Pernah pada masanya, lelaki berambut gondrong dipandang negatif. Di Indonesia, itu terjadi pada 1970-an. Menjadi gondrong itu terlarang. Pemerintah Orde Baru menganggap kegondrongan sebagai sikap acuh tak acuh pemuda yang tak sesuai dengan kepribadian bangsa. Rambut memang soal kebebasan berekspresi yang sifatnya privat, tapi orde tersebut merasa perlu mengaturnya hingga membentuk badan khusus bernama Bakorperagon (Badan Koordinasi Pemberantasan Rambut Gondrong). Aria Wiratma Yudhistira dalam bukunya, Dilarang Gondrong!: Praktik Kekuasaan Orde Baru terhadap Anak Muda Awal 1970-an (Marjin Kiri, 2010), menceritakan ihwal razia terhadap pemuda gondrong yang dilakukan di jalan-jalan. Sekolah dan kampus pun memberlakukan larangan ini. Artis yang ingin tampil di TVRI dan pemain sepak bola juga kena getahnya.

Pelarangan rambut gondrong sebangun dengan upaya penyeragamaan pakaian sekolah. Keduanya sejatinya adalah selera kekuasaan, dan itu berarti bentuk penguasaan atau penundukan. Haris Firdaus dalam esainya di Karbonjournal.org pada 3 Oktober 2009, “Penyeragaman yang Selalu Gagal”, melacak jejak pertama kali penerapan aturan berseragam di sekolah diberlakukan, yakni pada 17 Maret 1982, lewat Surat Keputusan (SK) yang dikeluarkan Departemen Pendidikan dan Kebudayaan (P & K).

Padahal sebelumnya, antara 1965 – 1985, tak ada ketentuan mengenai seragam dan model rambut di PL. Tapi pada 1985, Kanwil P & K mendesak PL untuk menerapkannya. Aturan berseragam akhirnya diberlakukan, namun dengan model seragam yang berbeda dengan sekolah lain. Kalau SMU umumnya identik dengan seragam putih-abu-abu, maka PL mendesain seragamnya sendiri dengan warna hitam untuk bawahan dan kemeja bermotif kotak-kotak untuk atasan.

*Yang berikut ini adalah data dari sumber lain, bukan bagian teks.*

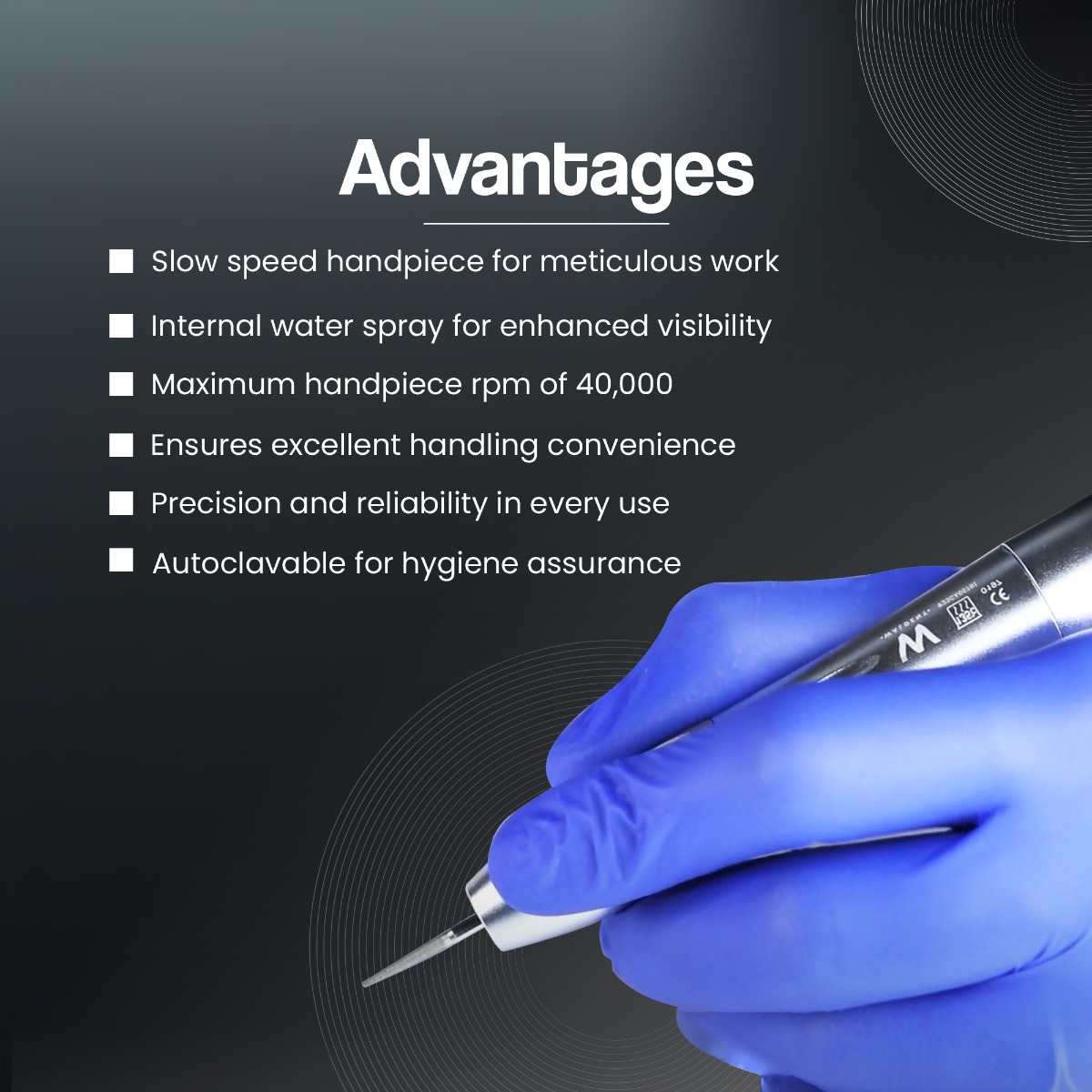 Waldent Internal Water Spray Straight Handpiece (W-156)	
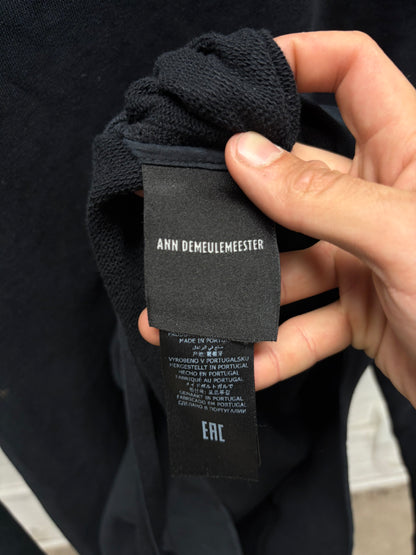 AW2021 Ann Demeulemeester ‘Holy’ Embroidered Logo Black Sweatshirt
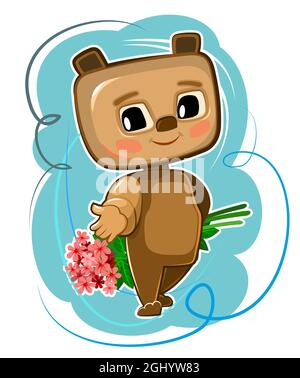 Mignon Kid Bear étire sa main suggérer l'amitié. Il veut donner un bouquet de fleurs. Drôle d'enfant animal. Illustration pour les enfants Illustration de Vecteur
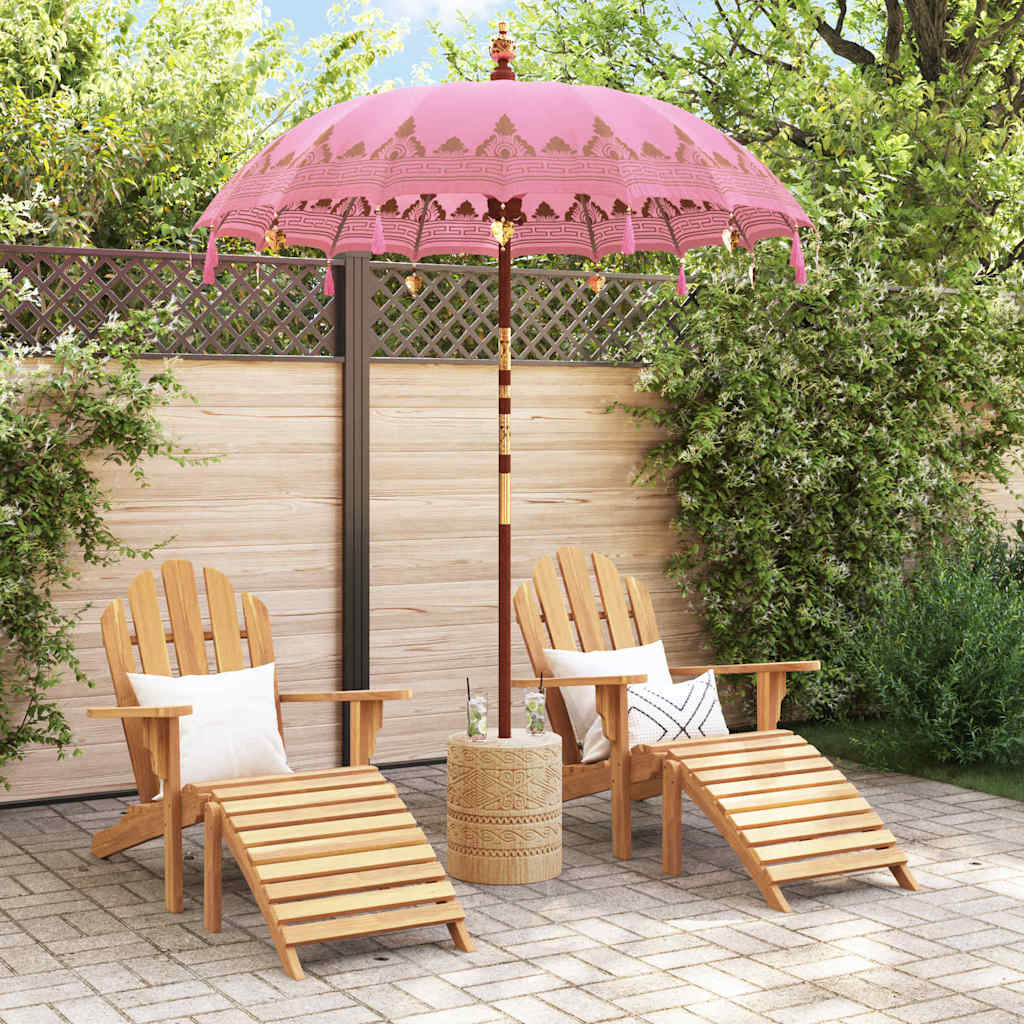 Balinese Parasol Pink (180-190) x 260 cm Cotton and Wood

Ketentuan ini terang ditolak para siswanya dengan beragam polah. Pernah suatu kali, ujar Dave, ada temannya yang datang ke sekolah mengenakan seragam dengan warna yang dibalik: memakai kaos hitam dan celana golf kotak-kotak milik bapaknya. Makin senior, makin ngaco pula seragamnya. Ada yang, misalnya, memakai kemeja bermotif bunga-bunga, polkadot, “Bahkan ada yang memakai kemeja putih yang ditulisi ‘kotak-kotak’!” seru Yuka terbahak-bahak.

Eskalasi penolakan siswa atas seragam meningkat pada tahun-tahun kemudian. Pada Maret 1988 penolakan itu pecah. Sebuah demonstrasi besar terjadi. “Anak-anak mogok sekolah dan mengokupasi aula, tidak mau masuk kelas,” ingat Dave. Waktu itu sedang masa minggu tenang Pemilu 1988. Suasana tegang. Sejumlah polisi bersiaga di ujung sekolah. Aksi protes baru reda ketika para alumni PL angkatan 1975 datang untuk menenangkan para siswa.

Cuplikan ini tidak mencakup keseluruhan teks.